» Work instruction
In the entries that follow, the lines from the line containing "Watercolor floral bouquet." up to and including the line containing "Holly Wooden Platform Sandal in Ivory" must be copied exactly, with pictures omitted.

[Data provided Boundary: Start]

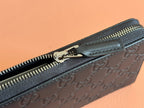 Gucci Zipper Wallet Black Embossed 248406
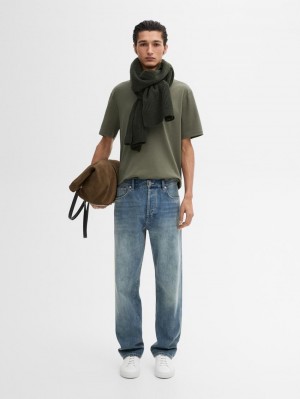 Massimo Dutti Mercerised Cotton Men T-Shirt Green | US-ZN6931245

[Data provided Boundary: End]
[Data provided Boundary: Start]

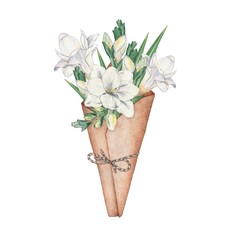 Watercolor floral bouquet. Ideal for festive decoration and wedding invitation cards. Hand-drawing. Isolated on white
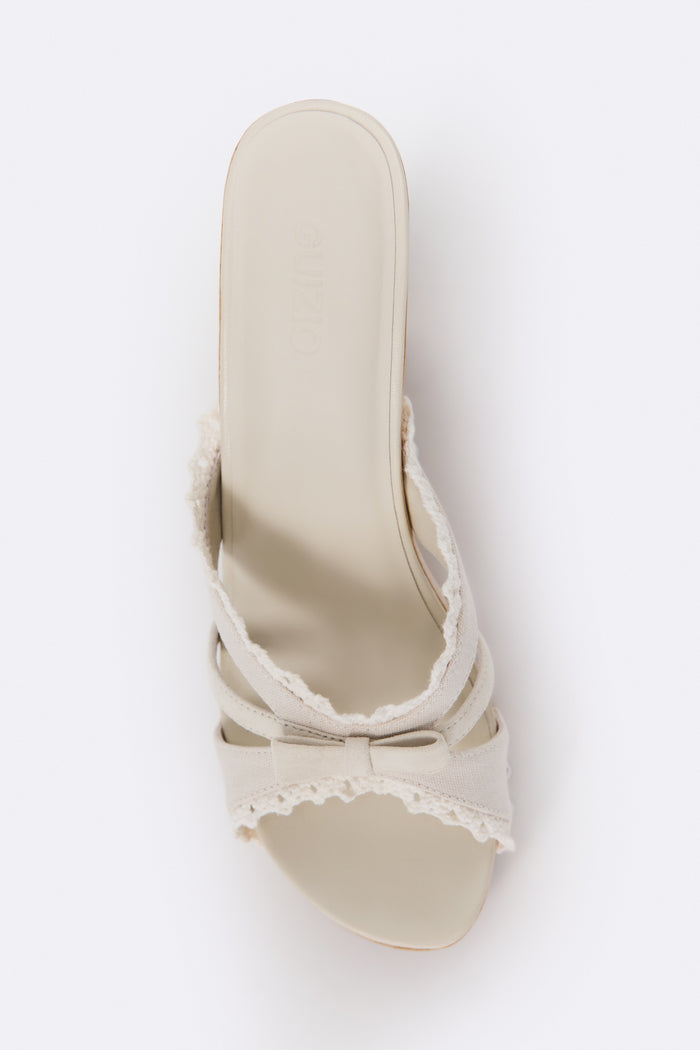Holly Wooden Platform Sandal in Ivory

[Data provided Boundary: End]
[Data provided Boundary: Start]

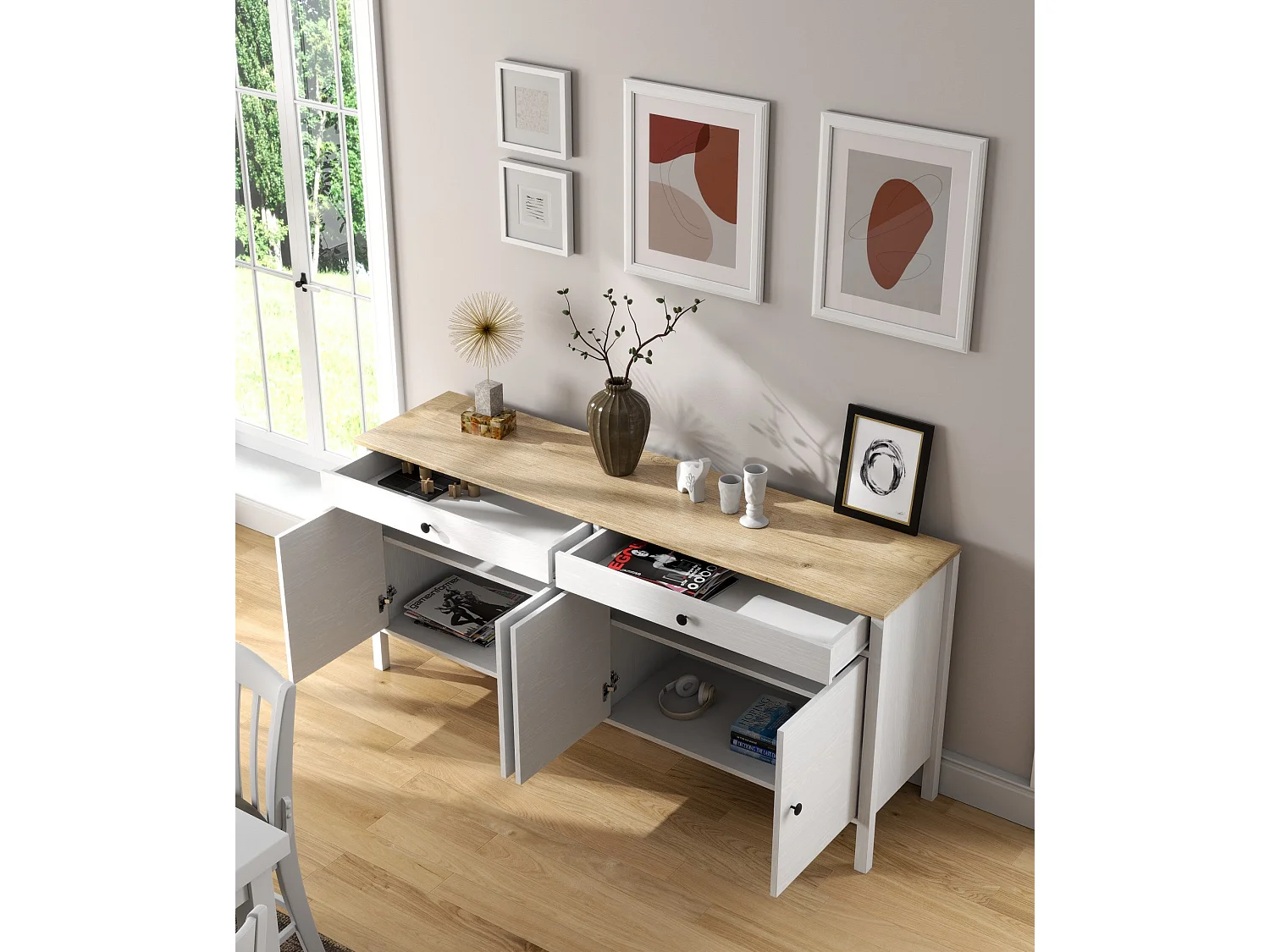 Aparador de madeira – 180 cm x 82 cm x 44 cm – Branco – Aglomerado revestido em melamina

[Data provided Boundary: End]

» Expected output
 Watercolor floral bouquet. Ideal for festive decoration and wedding invitation cards. Hand-drawing. Isolated on white
Holly Wooden Platform Sandal in Ivory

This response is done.